Tips if you plan to be in BEAR COUNTRY!
- Always have Pepper Spray in its holster ready for immediate use. Don't bury it in your pack.
- Be alert where recent bear activity has been documented by park officials, Fish and Game, Forest Service, and other public service people. Some common areas where bears like to frequent are: avalanche chutes, stream beds, dense edge cover and, in late summer, berry patches.
- Use extreme caution when traveling on trails at night or at either end of day.
- Be careful with food smells - never cook close to camp. Store all foods in plastic away from camp at night and when camp is unattended. We suggest at least 100 yards from camp and at least 14 feet up a tree hung 4 feet away from the trunk.
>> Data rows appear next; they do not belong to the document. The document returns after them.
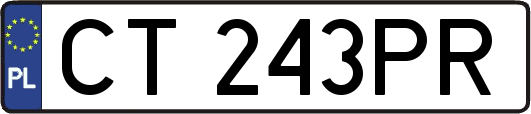CT243PR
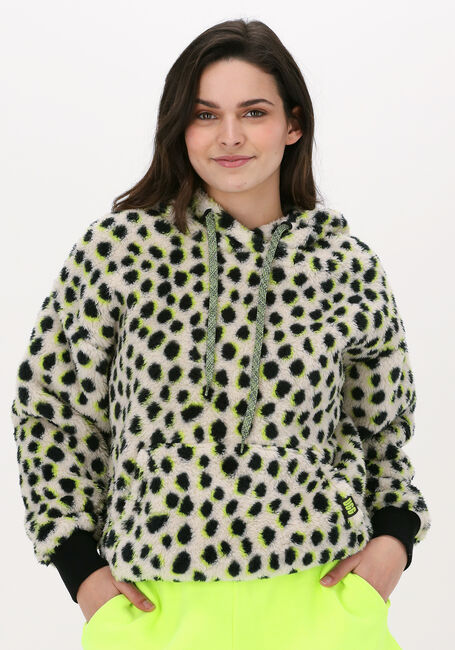 Schwarze UGG Pullover W LOYRA SHERPA HOODIE ANIMALIA - large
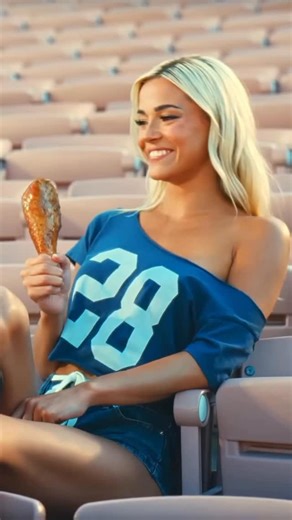 Passes on Instagram: "Gather ‘round the table, fam - Livvy’s turkey-leg bloopers are the real Thanksgiving feast. 🍁😂 Watch more of her on Passes! Cheers to @fanaticssportsbook for the amazing campaign #livvydunne"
- Watch for fresh bear sign (scat or bear tracks) on the trail or near possible campsites.
- If possible, make plenty of noise on the trail, especially on blind curves, in dense vegetation and in areas with limited vision
- Be conscious of the wind - bears have an excellent sense of smell. If the wind is at your back, chances are a bear will smell you and leave the area well before you reach it. If the wind is blowing in your face, your chances of an encounter greatly increase. Also, in high wind situations or along creeks and streams, a bear might not hear you coming or you might not hear it.
- Dead animal carcass - If you come upon a dead animal carcass, immediately leave the area. Bears will often feed on a carcass for days and also stay in the area to protect their food.
- Bear cubs - If you see a bear cub, chances are the sow is not far away. Female bears will fiercely defend their young, so it is best you leave the area and find an alternative route.
- Keep dogs under control - dogs can lead an angry bear back to you.
- We advise not to travel alone in bear country. Invite a friend. It is always safer to travel in groups if possible.